Es beginnt, wie so oft, mit einem Satz, der wie beiläufig daherkommt, aber eine ganze Zivilisation beschreibt: »Ein Mann sollte bereit sein, seine Familie mit Gewalt zu verteidigen.« In der neuen Studie von Alexander Yendell (FGZ Leipzig) und David Herbert (Universität Bergen) ist dieser Satz nicht bloß eine Meinungsabfrage, sondern ein Seismograph für die Gewalt im Denken. Über 1.000 Befragte in Großbritannien zeigen darin, was in vielen Gesellschaften längst sedimentiert ist: Krieg hat ein Geschlecht. Und es ist männlich.

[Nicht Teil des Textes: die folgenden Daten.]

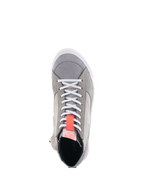 Scarpe Alpinestars Stated, sneakers da moto grigio chiaro, vista dall'alto con lacci bianchi e tirante rosso fluo, stile urban street in pelle scamosciata e nubuck, bordo della suola vulcanizzata bianco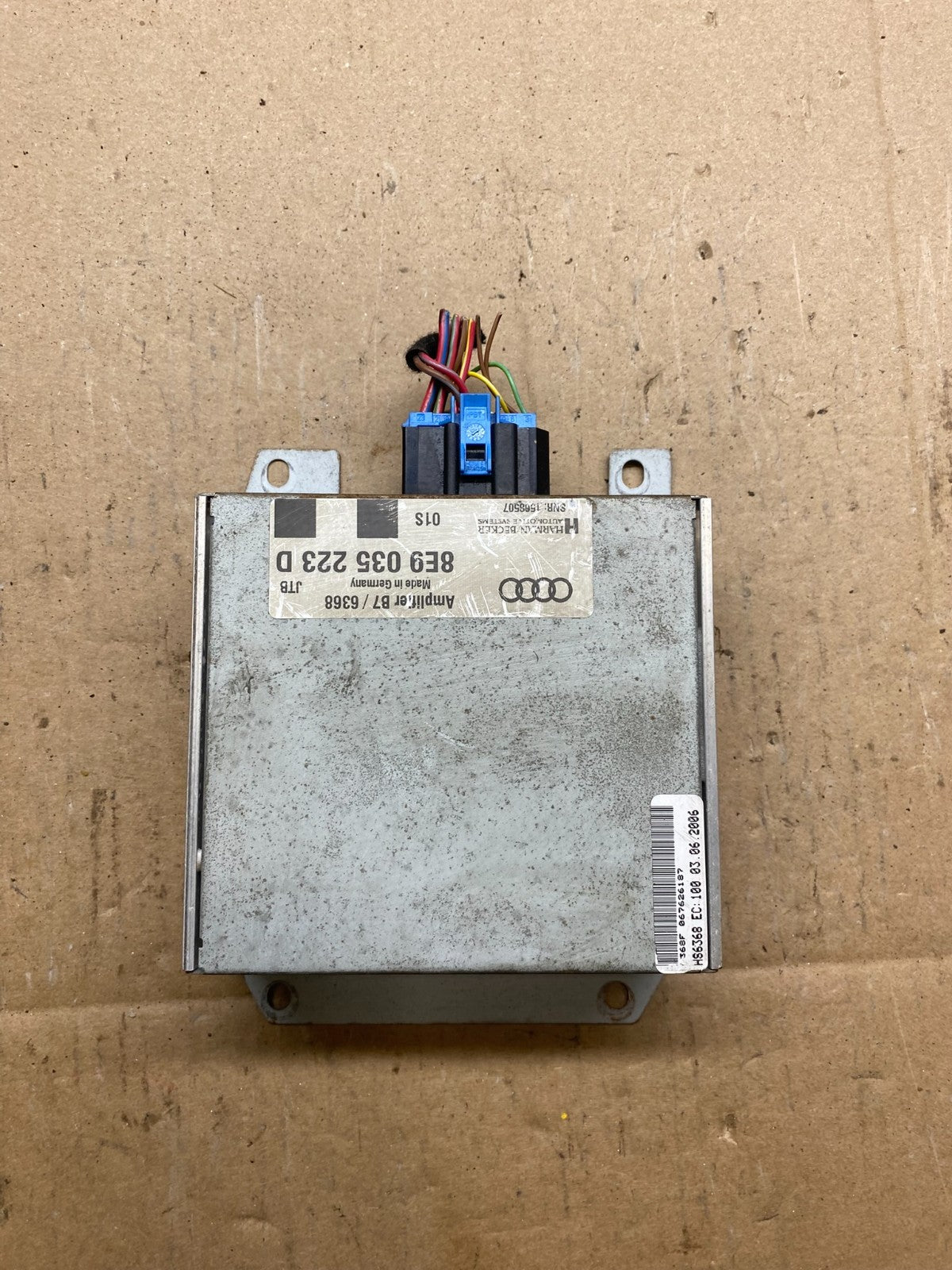 2004 to 2008 Audi A6 Harman Becker Radio Stereo Amplifier Amp OEM R4003 DG0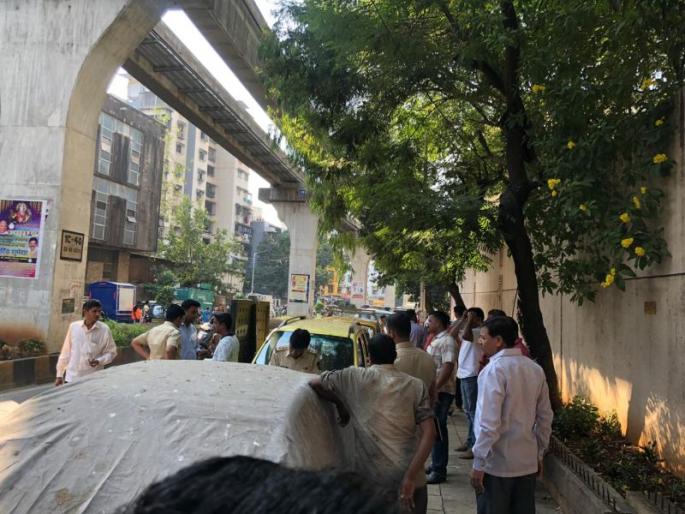 Suicide by having a message of life becomes boring | आयुष्य कंटाळवाणं झाल्याचा मेसेज करुन आत्महत्या Suicide by having a message of life becomes boring | आयुष्य कंटाळवाणं झाल्याचा मेसेज करुन आत्महत्या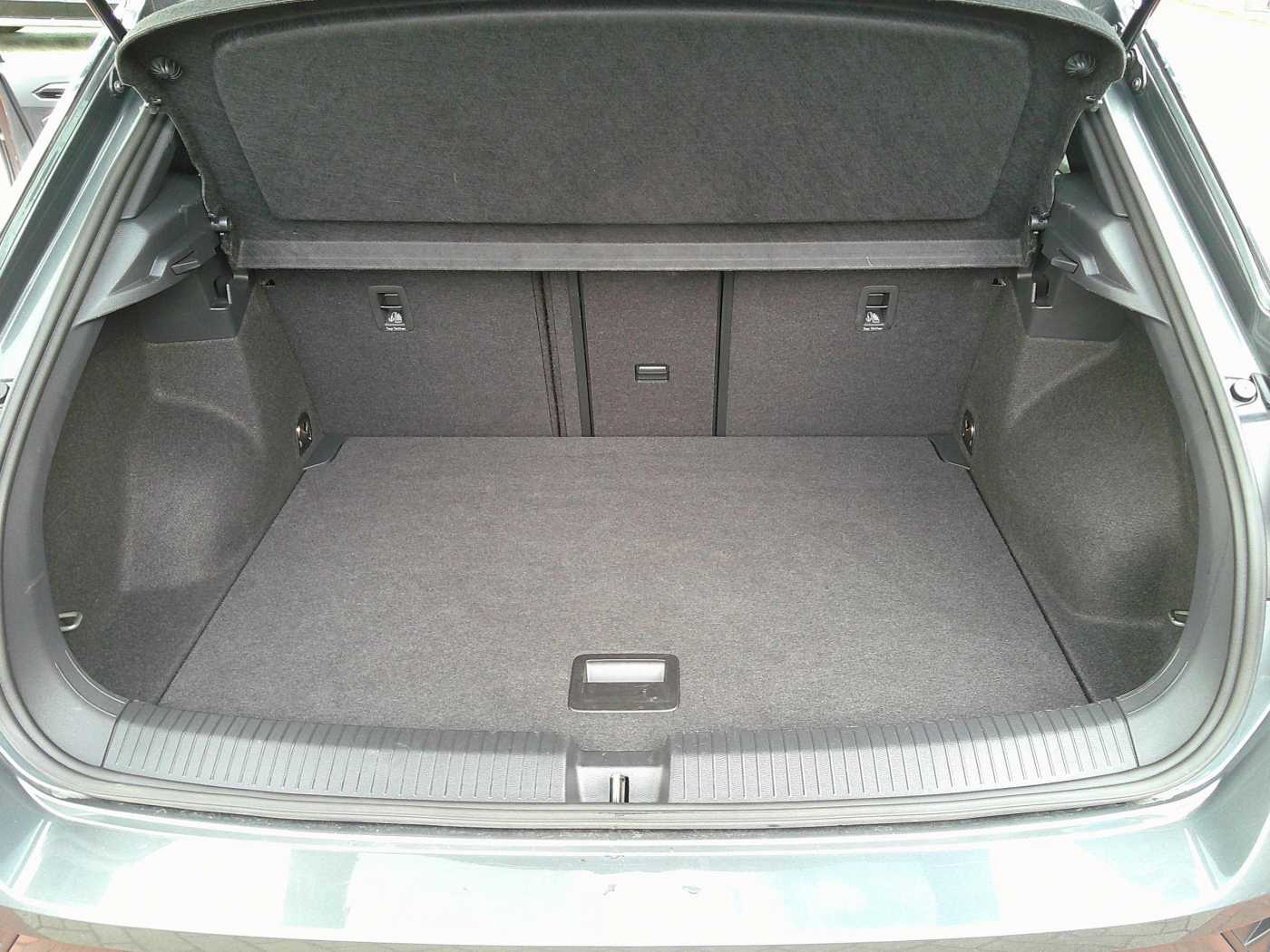 VW - T-Roc 2.0 TDI DSG R-Line+Kamera+ACC+LED+AHK_17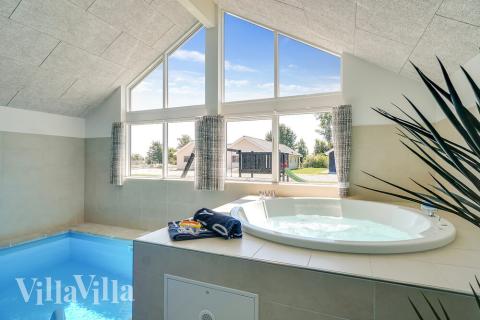 Njut av spabadets värme i lyxstuga nr 716 i Tyskland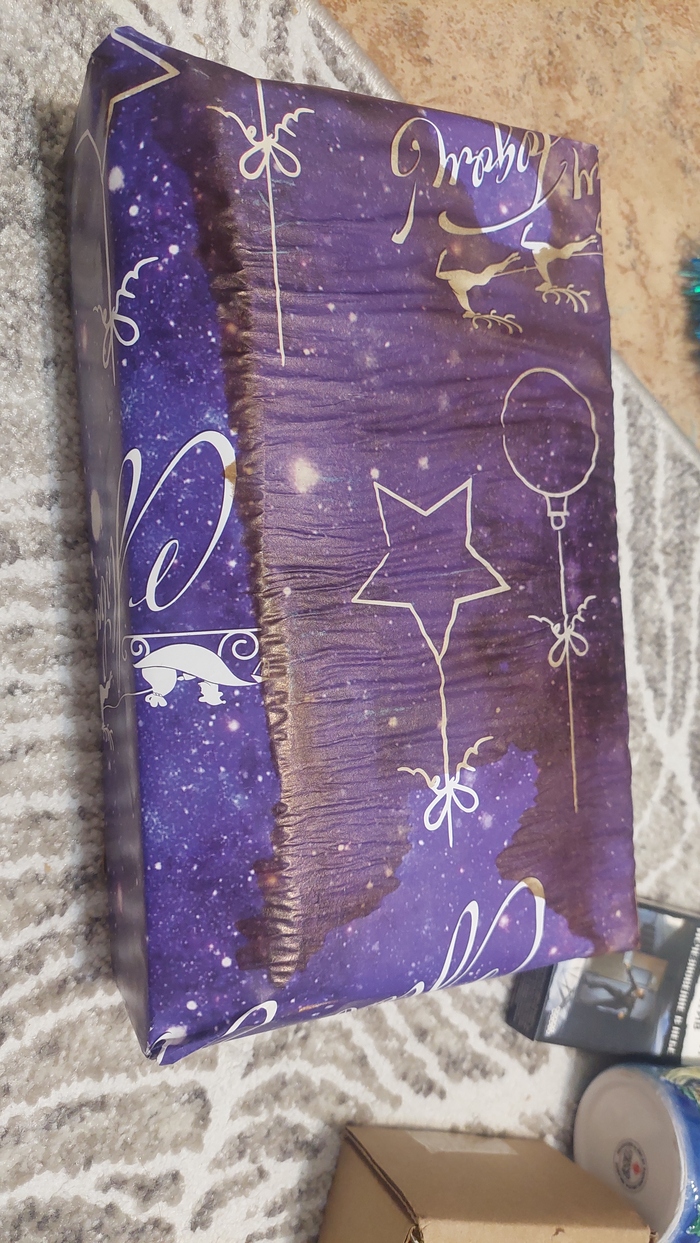 Сначала подумал, что там колбаса протухла :)))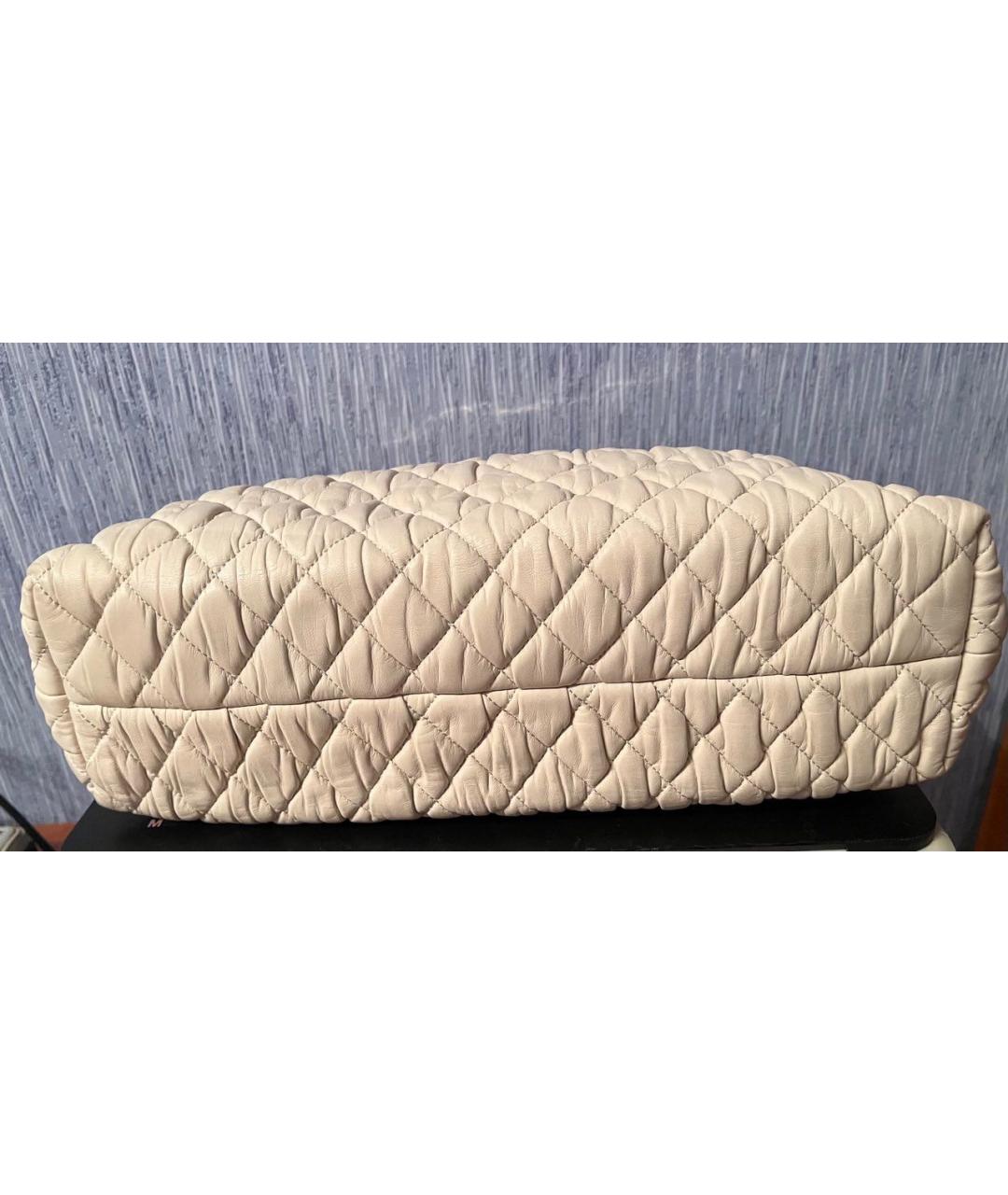 MOSCHINO Бежевая кожаная сумка с короткими ручками, фото 6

Die empirische Pointe ist drastisch: Kein anderer Faktor sagt die Zustimmung zu Kriegen so zuverlässig voraus wie die Zustimmung zu gewaltlegitimierenden Männlichkeitsbildern. Nicht Armut, nicht Bildung, nicht einmal politische Orientierung schlagen so stark zu Buche wie das starre Ideal des »starken Mannes«. Wer an männliche Pflicht zur Härte glaubt, wer Dominanz als Tugend empfindet, befürwortet auch Bomben als Argument.
Die Forschenden fügen ihrer Untersuchung eine zweite, dunkle Schicht hinzu: Sadismus. Das klingt nach Pathologie, ist aber als psychologisches Merkmal statistisch signifikant. Menschen, die Lust empfinden, andere leiden zu sehen, neigen stärker zur Rechtfertigung von Krieg. Die »Freude am Quälen« – ein Begriff, der sonst in Kriminalprofilen auftaucht – tritt hier als gesellschaftliches Dispositionsmerkmal zutage.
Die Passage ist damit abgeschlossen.